(Exercise brief):
Skipping all pictures, set down the lines of the listing from the first through the one with "Vente appartement 1 pièce".

(Exercise inputs):
★ ★ ★ ★ ★
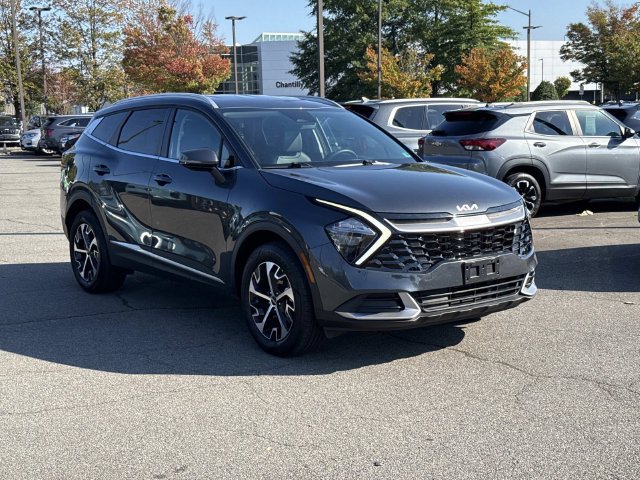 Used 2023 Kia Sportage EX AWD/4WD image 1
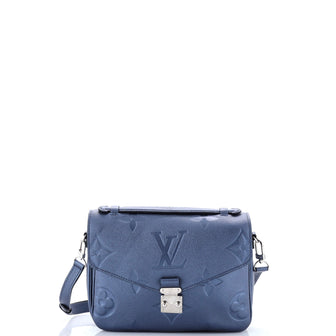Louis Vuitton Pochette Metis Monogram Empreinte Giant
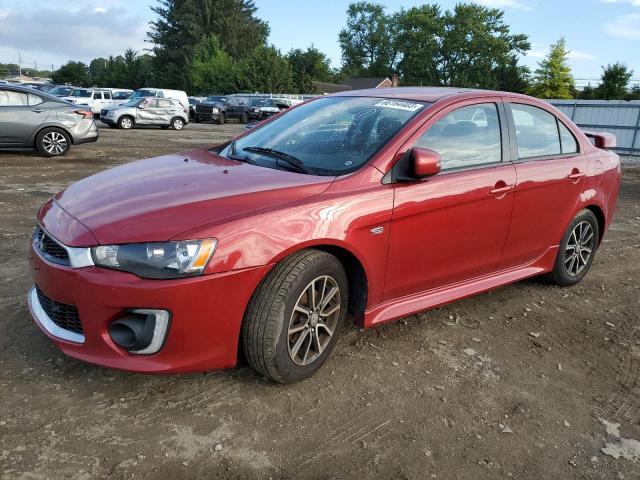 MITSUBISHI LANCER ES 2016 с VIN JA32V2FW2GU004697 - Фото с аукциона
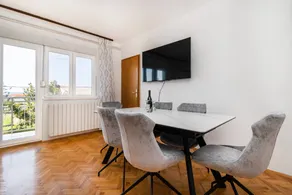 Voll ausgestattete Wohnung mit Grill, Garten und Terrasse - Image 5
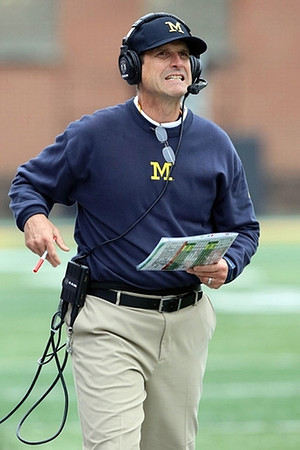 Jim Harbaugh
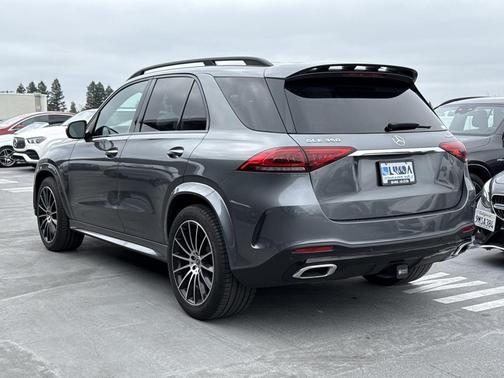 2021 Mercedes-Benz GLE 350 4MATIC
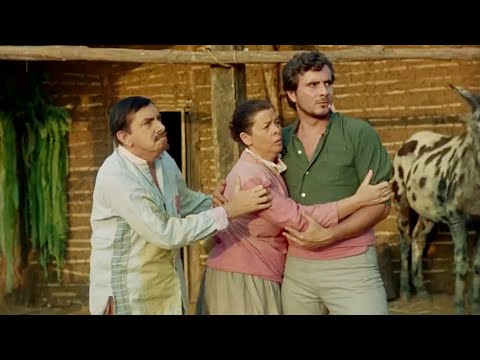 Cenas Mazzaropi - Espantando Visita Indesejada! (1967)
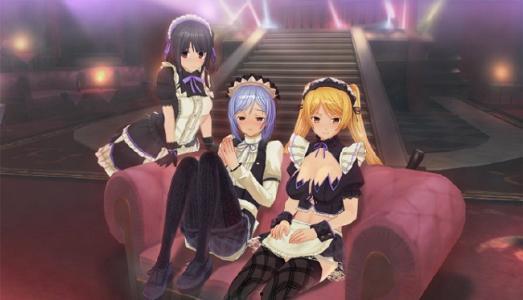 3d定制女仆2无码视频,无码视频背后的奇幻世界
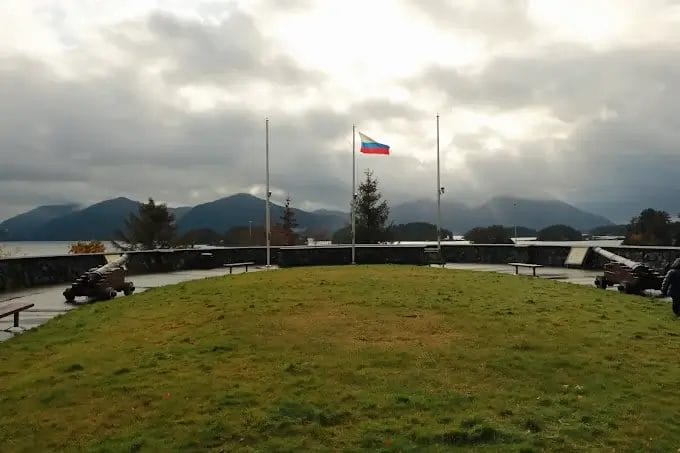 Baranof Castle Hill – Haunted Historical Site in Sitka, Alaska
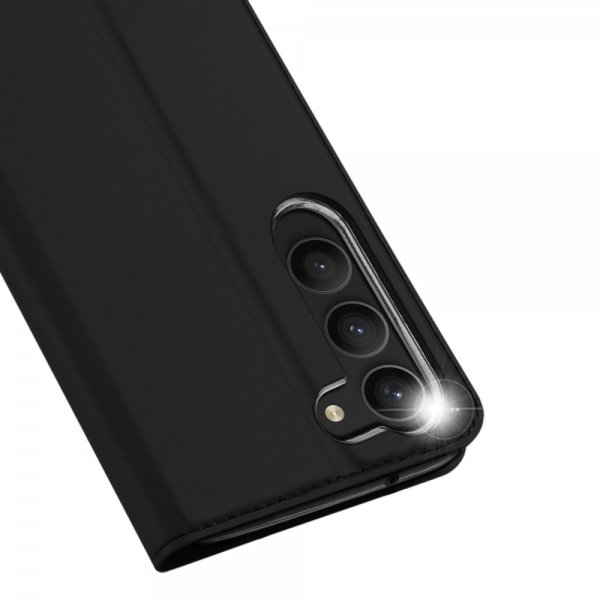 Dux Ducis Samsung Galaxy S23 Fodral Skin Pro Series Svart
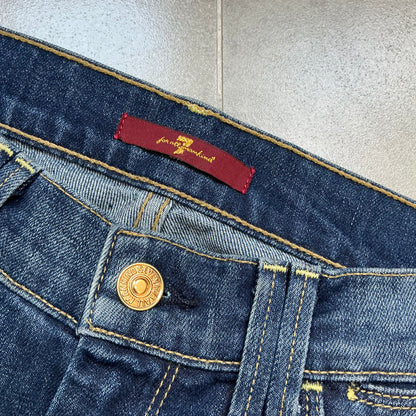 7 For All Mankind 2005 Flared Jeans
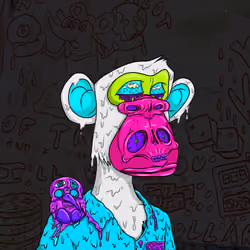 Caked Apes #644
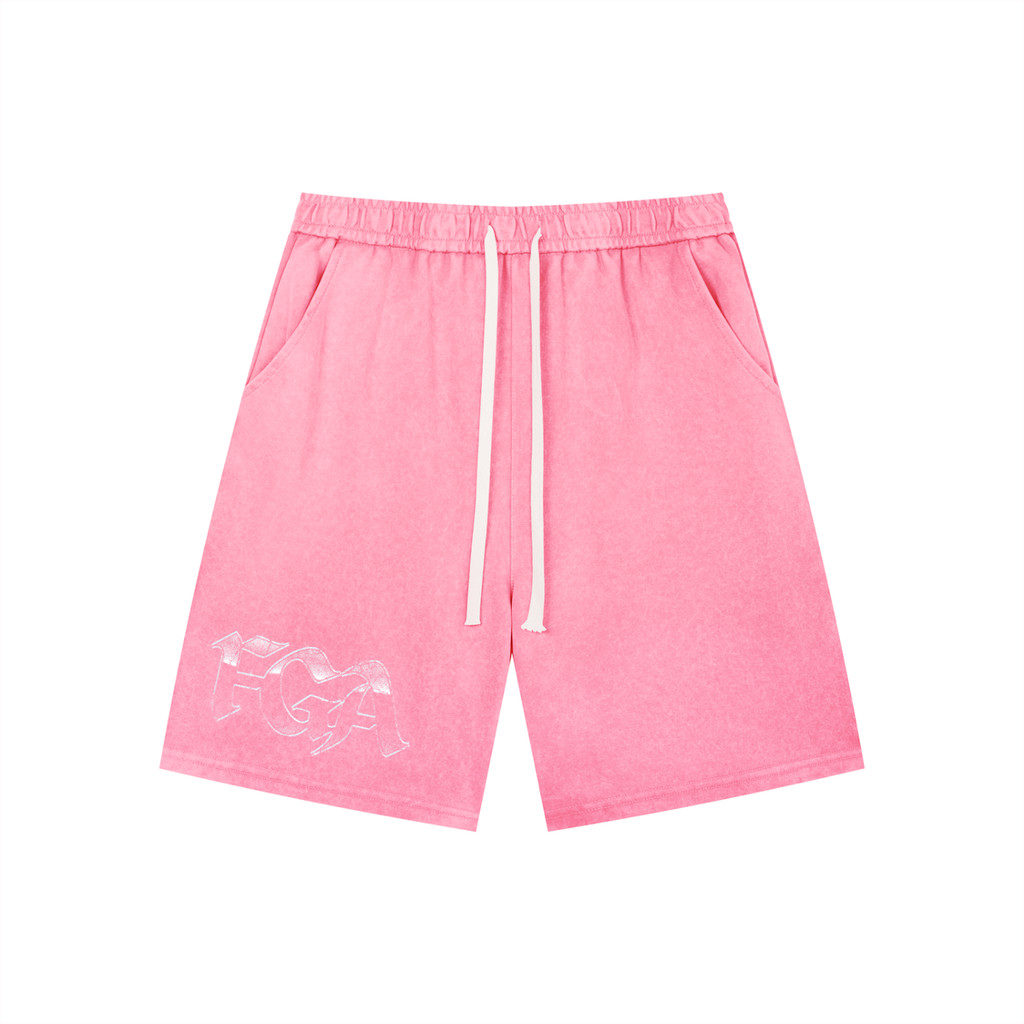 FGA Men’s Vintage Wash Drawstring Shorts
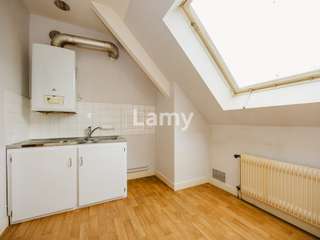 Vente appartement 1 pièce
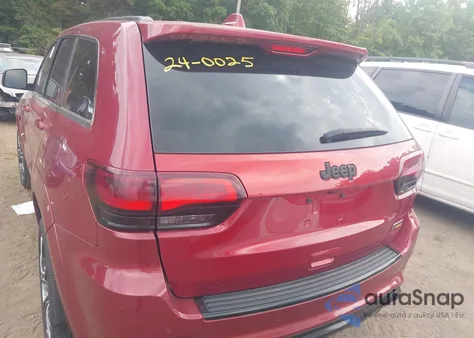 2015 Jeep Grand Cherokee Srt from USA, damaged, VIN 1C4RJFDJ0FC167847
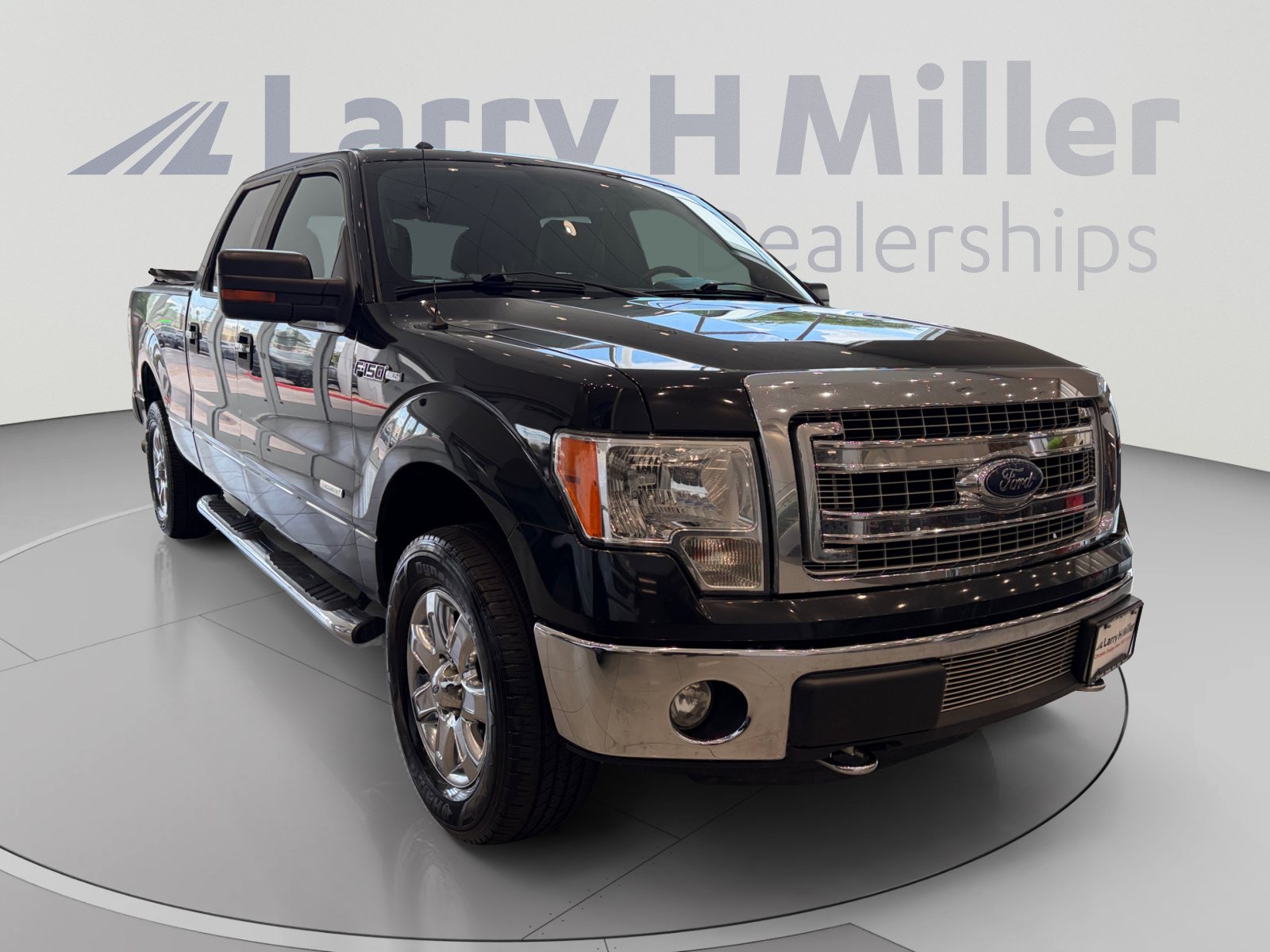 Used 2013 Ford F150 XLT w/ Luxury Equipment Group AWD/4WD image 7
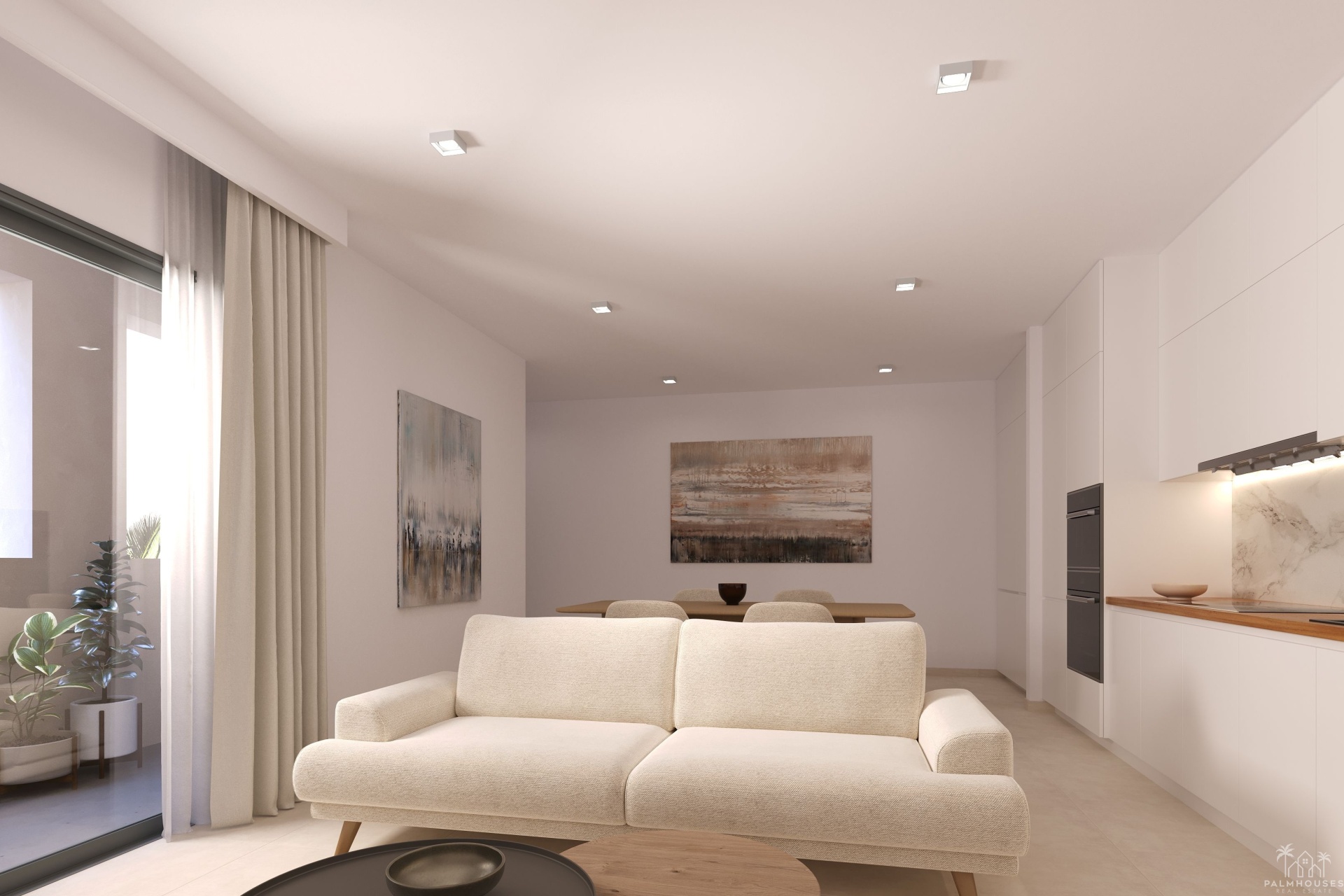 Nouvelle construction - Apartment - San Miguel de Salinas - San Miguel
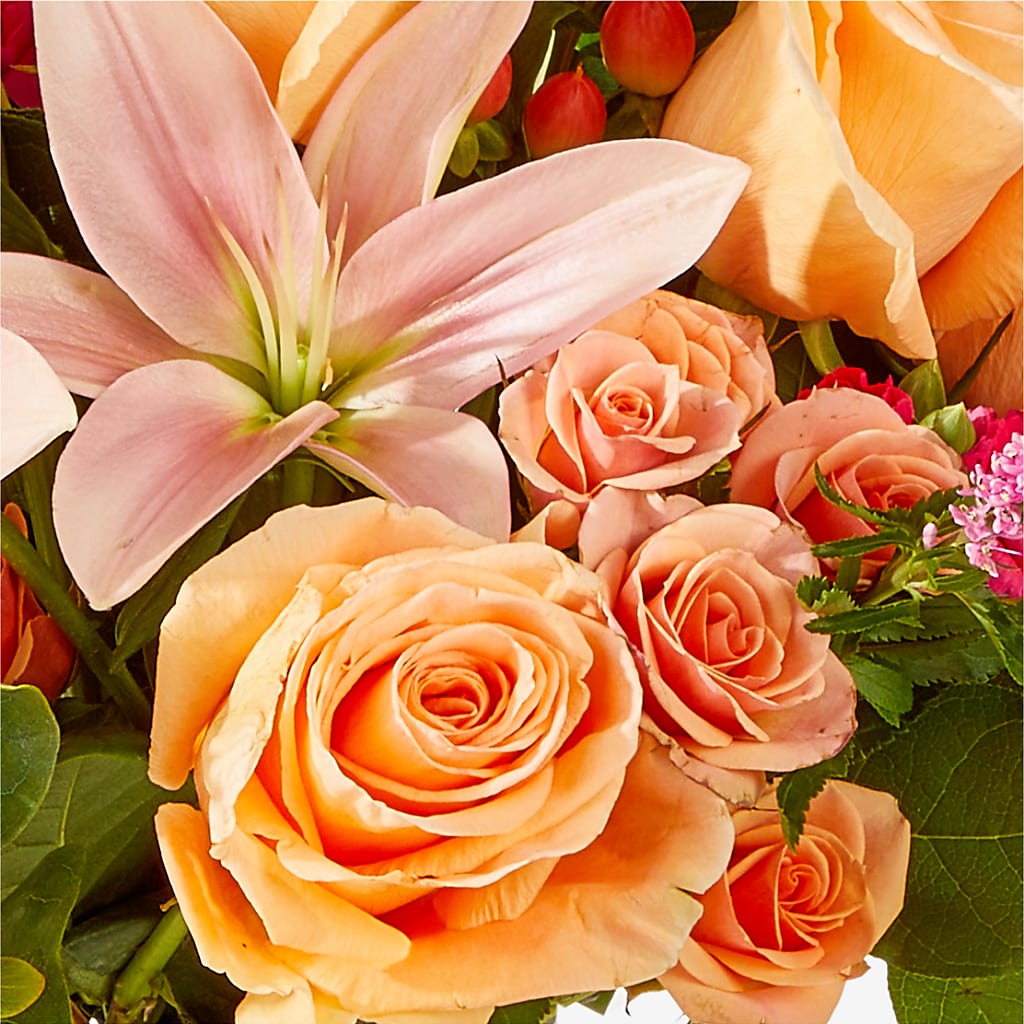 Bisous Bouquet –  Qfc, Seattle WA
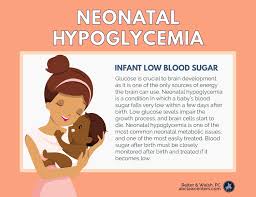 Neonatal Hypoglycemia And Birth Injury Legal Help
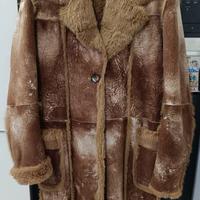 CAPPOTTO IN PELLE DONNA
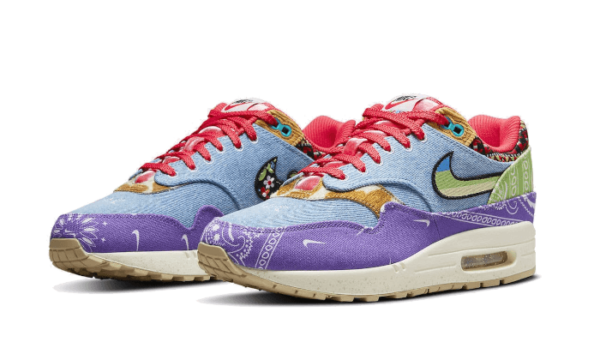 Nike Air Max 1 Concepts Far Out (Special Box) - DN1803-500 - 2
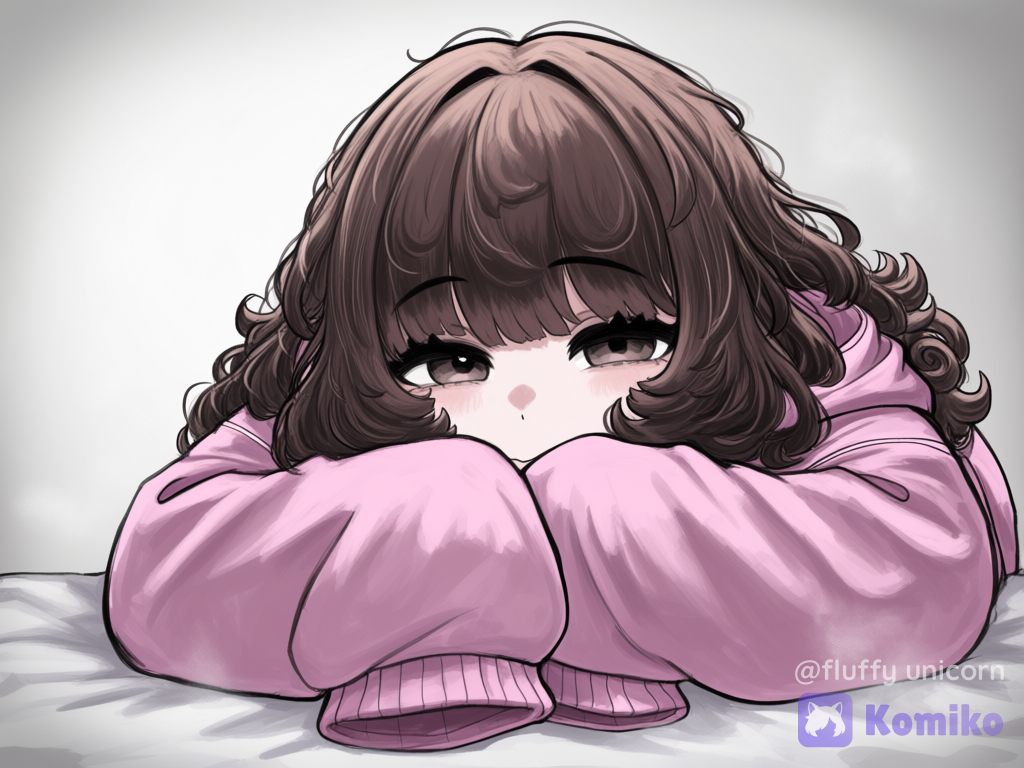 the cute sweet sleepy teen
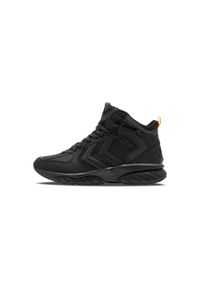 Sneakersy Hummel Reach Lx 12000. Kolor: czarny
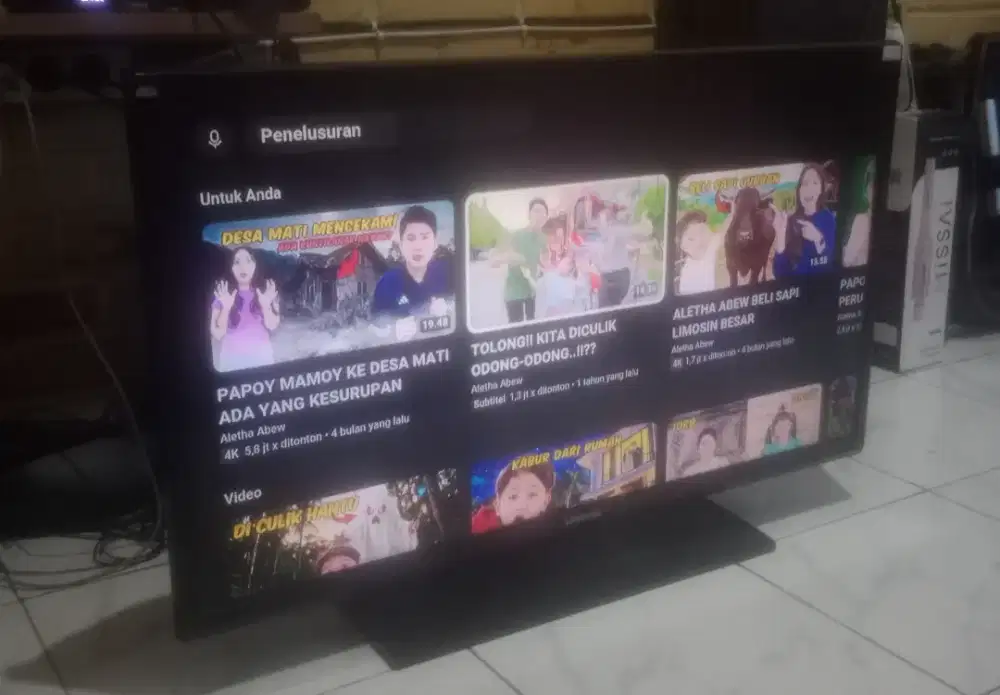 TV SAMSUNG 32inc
★ ★ ★ ★ ★
(Finished exercise):
 Used 2023 Kia Sportage EX AWD/4WD image 1
Louis Vuitton Pochette Metis Monogram Empreinte Giant
 MITSUBISHI LANCER ES 2016 с VIN JA32V2FW2GU004697 - Фото с аукциона
 Voll ausgestattete Wohnung mit Grill, Garten und Terrasse - Image 5
 Jim Harbaugh
 2021 Mercedes-Benz GLE 350 4MATIC
 Cenas Mazzaropi - Espantando Visita Indesejada! (1967)
 3d定制女仆2无码视频,无码视频背后的奇幻世界
 Baranof Castle Hill – Haunted Historical Site in Sitka, Alaska
 Dux Ducis Samsung Galaxy S23 Fodral Skin Pro Series Svart
 7 For All Mankind 2005 Flared Jeans
 Caked Apes #644
 FGA Men’s Vintage Wash Drawstring Shorts
 Vente appartement 1 pièce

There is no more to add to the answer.